[Web page caption snippets]
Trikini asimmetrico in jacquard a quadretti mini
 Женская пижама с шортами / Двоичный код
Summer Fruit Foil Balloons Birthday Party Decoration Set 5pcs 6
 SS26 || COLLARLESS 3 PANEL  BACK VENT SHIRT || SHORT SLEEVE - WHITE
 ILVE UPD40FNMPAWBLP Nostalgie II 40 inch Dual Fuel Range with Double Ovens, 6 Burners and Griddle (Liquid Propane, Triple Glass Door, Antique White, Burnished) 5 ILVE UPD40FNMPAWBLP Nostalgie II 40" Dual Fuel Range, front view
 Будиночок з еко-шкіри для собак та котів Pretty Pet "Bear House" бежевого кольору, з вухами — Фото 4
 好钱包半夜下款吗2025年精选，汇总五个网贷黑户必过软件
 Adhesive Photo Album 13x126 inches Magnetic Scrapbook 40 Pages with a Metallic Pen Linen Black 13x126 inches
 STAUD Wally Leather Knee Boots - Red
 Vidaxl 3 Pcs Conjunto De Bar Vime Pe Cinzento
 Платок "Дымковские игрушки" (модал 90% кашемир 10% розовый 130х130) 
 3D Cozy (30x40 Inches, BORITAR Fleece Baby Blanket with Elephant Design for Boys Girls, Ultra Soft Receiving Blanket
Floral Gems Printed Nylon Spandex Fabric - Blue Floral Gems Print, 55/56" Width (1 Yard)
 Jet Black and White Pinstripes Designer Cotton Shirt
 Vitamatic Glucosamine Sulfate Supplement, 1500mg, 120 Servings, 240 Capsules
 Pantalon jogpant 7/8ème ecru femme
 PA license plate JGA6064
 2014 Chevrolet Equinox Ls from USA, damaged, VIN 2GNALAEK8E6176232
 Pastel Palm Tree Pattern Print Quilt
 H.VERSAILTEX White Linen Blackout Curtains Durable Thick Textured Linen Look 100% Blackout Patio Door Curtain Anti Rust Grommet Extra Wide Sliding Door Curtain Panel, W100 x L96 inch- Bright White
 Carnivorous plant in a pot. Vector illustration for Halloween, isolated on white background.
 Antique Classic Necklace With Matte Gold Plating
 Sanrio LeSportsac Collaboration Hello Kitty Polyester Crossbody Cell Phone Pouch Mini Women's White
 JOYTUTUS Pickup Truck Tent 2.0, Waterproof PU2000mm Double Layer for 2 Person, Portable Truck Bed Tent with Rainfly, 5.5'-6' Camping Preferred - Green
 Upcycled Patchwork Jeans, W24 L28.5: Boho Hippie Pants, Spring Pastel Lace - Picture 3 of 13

§ WHAT TO PRODUCE: Search the records line by line for the word "Linen" and copy every line where it appears.

§ TASK RESPONSE:
 Adhesive Photo Album 13x126 inches Magnetic Scrapbook 40 Pages with a Metallic Pen Linen Black 13x126 inches
 H.VERSAILTEX White Linen Blackout Curtains Durable Thick Textured Linen Look 100% Blackout Patio Door Curtain Anti Rust Grommet Extra Wide Sliding Door Curtain Panel, W100 x L96 inch- Bright White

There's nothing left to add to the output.